While Braun’s statement was crafted in a way that he never actually admitted to anything – nor really apologized for anything – it really didn’t matter. One would hope that if Rodgers was among those who never got the truth from Braun and supported him anyway, he got a more formal apology than this.
So how does Rodgers feel about Braun right about now? No one really knows. (Rodgers’ Twitter account was quiet Monday, and attempts to reach him were unsuccessful.) The next question is this: Where does Rodgers go from here? Does he disavow Braun? Does he terminate his business relationship with him? Does he abandon a friend he so publicly and adamantly supported now, in a time where Braun needs all the friends he can get – or he has left?
It was interesting to hear Rodgers’ comments on Braun during a Q&A session in mid-June, after Outside the Lines had reported that MLB was seeking a 100-game suspension for Braun.
“Ryan’s a good friend and I care about him a lot as a person. He’s a great person, and I stand with my friend," Rodgers said in that interview. Asked if he’d reached out to Braun, Rodgers replied, “Yeah. We talk all the time. We’re good friends, and obviously we have our restaurant together, and get to spend some time together during the year – whether he’s coming up here to a game, which doesn’t happen a whole lot, or I’m going down there.
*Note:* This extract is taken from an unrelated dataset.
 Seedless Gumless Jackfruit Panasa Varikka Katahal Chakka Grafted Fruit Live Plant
We see each other at various events, and we definitely keep in touch all year and speak regularly.”
Those comments weren’t nearly as strong as what Rodgers had said in December of 2011, when he said on his weekly radio show on 540 ESPN and ESPNWisconsin.com:
“Ryan and I are good buddies, probably my best athlete friend. And we keep in touch obviously throughout the year. I spend a lot of time with him. I was very surprised the news came out the way it did. You would think that there would be some sort of confidentiality surrounding the situation, because he is appealing it.
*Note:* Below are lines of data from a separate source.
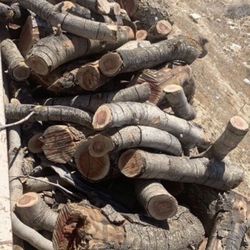 Pistachio Fire Wood Ready To Burn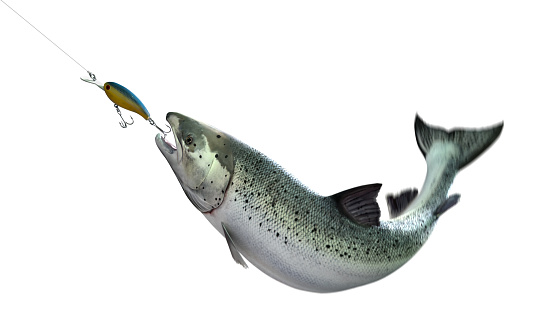 Atlantic Salmon hooked - isolated on white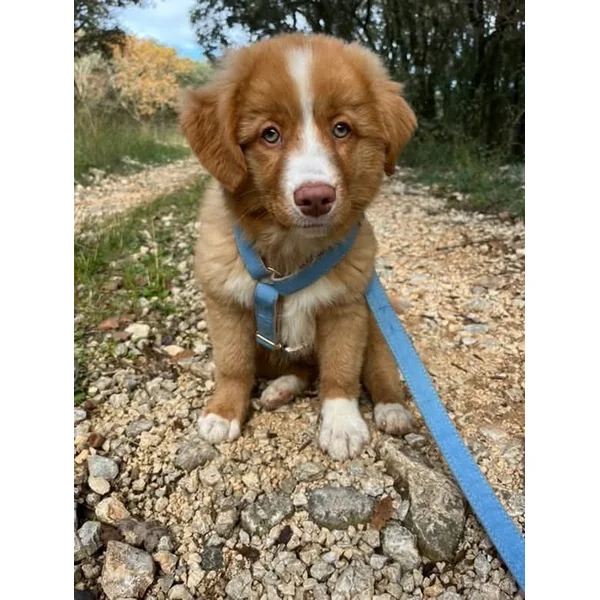 Harnais Chien Personnalisé Coton Bleu Jean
“I 100 percent support Ryan and believe in him and it’s not going to affect our friendship in the least. I’m 100 percent supporting him and behind him and believe in everything that he says.
“I’ve known Ryan for a while now and we’ve spent a lot of time hanging out. I’ve been in the locker room and I’ve seen him working out and stuff. It’s just ridiculous, the allegations. I think as much as he probably can’t say a whole lot right now, just the fact that he was willing to take a test right after that (says something).
“I don’t know exactly all that’s out there, but I just am trusting that my good friend has not been using anything illegal. And I’m very confident that’s the case, because I know how much he cares about the integrity of the game and wouldn’t do anything to jeopardize that.”
We have all, to varying degrees, had friends let us down. Some of us have been the ones who let their friends down. Such moments can end friendships or, in some cases, lead to relationship growth. It’s all in how those friends handle the aftermath.
If Braun reached out to Rodgers since he met with MLB on June 29, then Rodgers knew what was coming on Monday and wasn’t taken by surprise. If Rodgers didn’t get a heads-up beforehand but has heard from his friend since, then he’s probably digesting everything that happened and thinking about his next step. If he hasn’t heard a peep from Braun, well, then maybe he is regretting having his friend’s back the way he did.
Whatever the case, rest assured of this: Whatever Rodgers says or does next, he will have thought long and hard about it. Unlike his Tweets that day.